Başkalarına Sadık Olmak

Nasıl ki doğruluk ilk büyük emir olan Tanrı’yı sevmekten kaynaklanıyorsa, birbirimize karşı sadık olmak da ikinci emir olan komşularımızı kendimiz gibi sevmekten kaynaklanır. Doğru bir yaşam kusursuz bir yaşam anlamına gelmez; öncelikle Tanrı’ya ve bu bağlamda başkalarına karşı sadık olmak için her gün çaba gösterdiğimiz bir yaşamdır. Başkan Oaks bize şöyle hatırlatır, “İkinci emri yerine getirme konusundaki gayretimiz, birinci emri, … unutmamıza neden olmamalıdır.”

Dünya, insanlar ve kurumlar arasındaki ilişkileri düzenleyen davranış kodlarını veya etik kurallarını dayatarak doğrulukla giderek daha fazla boğuşmaktadır. İyi olmakla birlikte, bu kurallar genellikle mutlak gerçeğe dayanmaz ve kültürel kabullere göre evrimleşme eğilimindedir. Yaşlı Uchtdorf’un sorduğu soruya benzer şekilde, bazı kuruluşlar çalışanlarını, kararlarının veya karar alma süreçlerinin internette veya büyük bir gazetenin ön sayfasında yayınlanması halinde nasıl görüneceğini düşünmeleri konusunda eğitmektedir. Kilise bulanıklıktan ve karanlıktan çıkarken, biz de Daniel gibi dünyevi beklentilerin üzerine çıkmalı ve her zaman ve her yerde gerçek ve yaşayan Tanrı’nın yüzü olmalıyız.

Doğruluk içinde olduğumuzu söylemek, eylemlerimizin sözlerimizle tutarsız olması durumunda yetersiz kalacaktır. Aynı şekilde, Mesihçi nezaketi doğruluğun yerine geçmez. Bir antlaşma halkı ve O’nun Kilisesi’ndeki önderler olarak, alnı açık olmalıyız ve Rab’bin belirlediği standartlara uygun hareket etmeliyiz.

Doğrulukla hareket etmek iman ve güven oluşturur ve yalnızca Rab’bin isteğini yerine getirmeye çalıştığımız konusunda başkalarına güvence verir.
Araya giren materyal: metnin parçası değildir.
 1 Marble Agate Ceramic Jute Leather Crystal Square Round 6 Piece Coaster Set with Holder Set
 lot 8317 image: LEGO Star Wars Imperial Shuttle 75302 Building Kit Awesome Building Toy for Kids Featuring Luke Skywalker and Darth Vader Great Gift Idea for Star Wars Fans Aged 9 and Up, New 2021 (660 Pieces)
Meclislerimizde dış etkilere direnir ve Rab’bin vahyettiği süreci takip ederek her bir kadın ve erkekten iç görülerini almaya çalışır ve alınan ilhamla tutarlı bir şekilde hareket ederiz.

Odak noktamız Kurtarıcı’dır ve kendi çıkarlarımıza yaradığı, ailemize fayda sağladığı veya bir başkası pahasına birinin kayrıldığı algılanabilecek eylemlerden kaçınmaya özen gösteririz. Eylemlerimizin kişisel takdir görmek, daha fazla beğeni toplamak, alıntılanmak veya yayınlanmak için insanların övgülerinden etkilenmiş olabileceği algısından kaçınmak için her türlü çabayı gösteririz.
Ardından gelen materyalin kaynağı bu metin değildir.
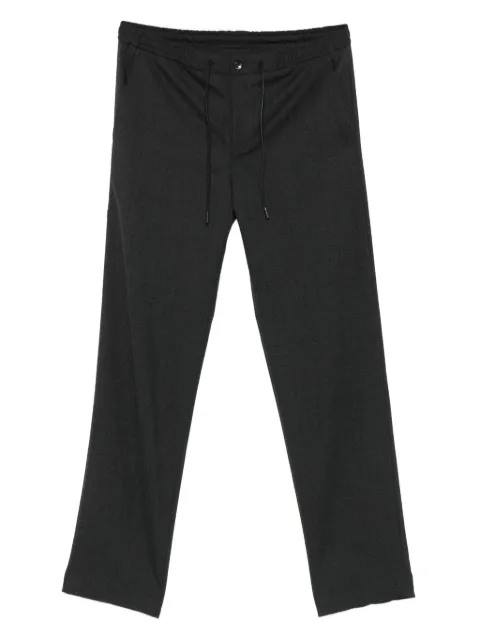 PT Torino drawstring straight-leg trousers Black COTSFGZ00CL1PO80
İlahi Kimliğimize Sadık Olmak

Son olarak doğrulukla yaşamak ilahi kimliğimize karşı sadık olmamızı gerektirir.

Öyle olmayan bazı kişileri tanıyoruz. Birçok kişinin “benliğe dayanan düşüncelerine” hitap ederek onların yüreklerini saptıran Mesih-karşıtı Korihor’un özel bir önemi vardır. Ancak, hayatının son anlarında o, “ben her zaman Tanrı’nın var olduğunu biliyordum” diye itirafta bulundu. Başkan Henry B. Eyring yalan söylemenin, ilahi kimliğimiz olan “ruhlarımızın doğasına aykırı olduğunu” öğretmiştir. Korihor kendini kandırdı ve gerçek onun içinde değildi.

Buna karşılık, Peygamber Joseph Smith kendinden emin bir şekilde şunları söylemiştir, “Bunu biliyordum ve Tanrı’nın da bunu bildiğini biliyordum ve ben bunu inkar edemezdim.”
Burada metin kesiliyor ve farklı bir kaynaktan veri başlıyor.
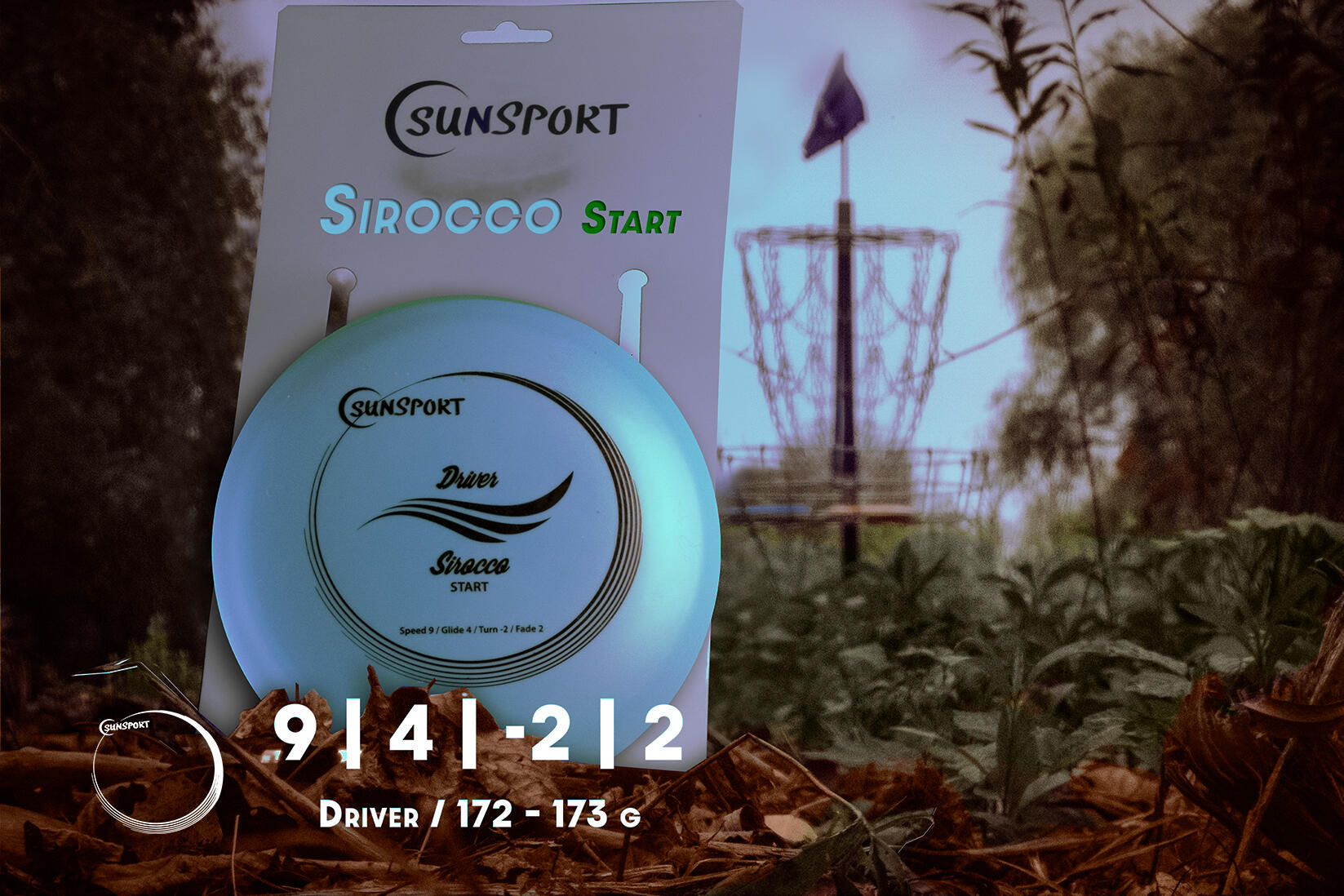 Sunsport Discgolf START disc Sirocco Driver 3/4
Joseph’ın kardeşi Hyrum “kalbinin [doğruluğundan] dolayı” Rab tarafından sevildi. O ve Joseph sonuna kadar sadık kalmışlardır; ilahi kimliklerine, aldıkları ışığa ve bilgiye ve olabileceklerini bildikleri kişiliğe sadık kalmışlardır.

Sonuç

Kendimizi “Tanrı’nın isteğiyle” barıştıralım ve Mesih’e benzer bir nitelik olan doğruluğu geliştirelim. Dünyanın Kurtarıcı’sı olan Örneğimiz’i izleyelim ve geri çekilmeden Tanrı’ya, birbirimize ve ilahi kimliğimize sadık bir hayat yaşayalım.

Eyüp’ün söylediği gibi, “Tanrı beni doğru teraziyle tartsın, [doğru] olduğumu görsün.” İsa Mesih’in kutsal adıyla. Amin.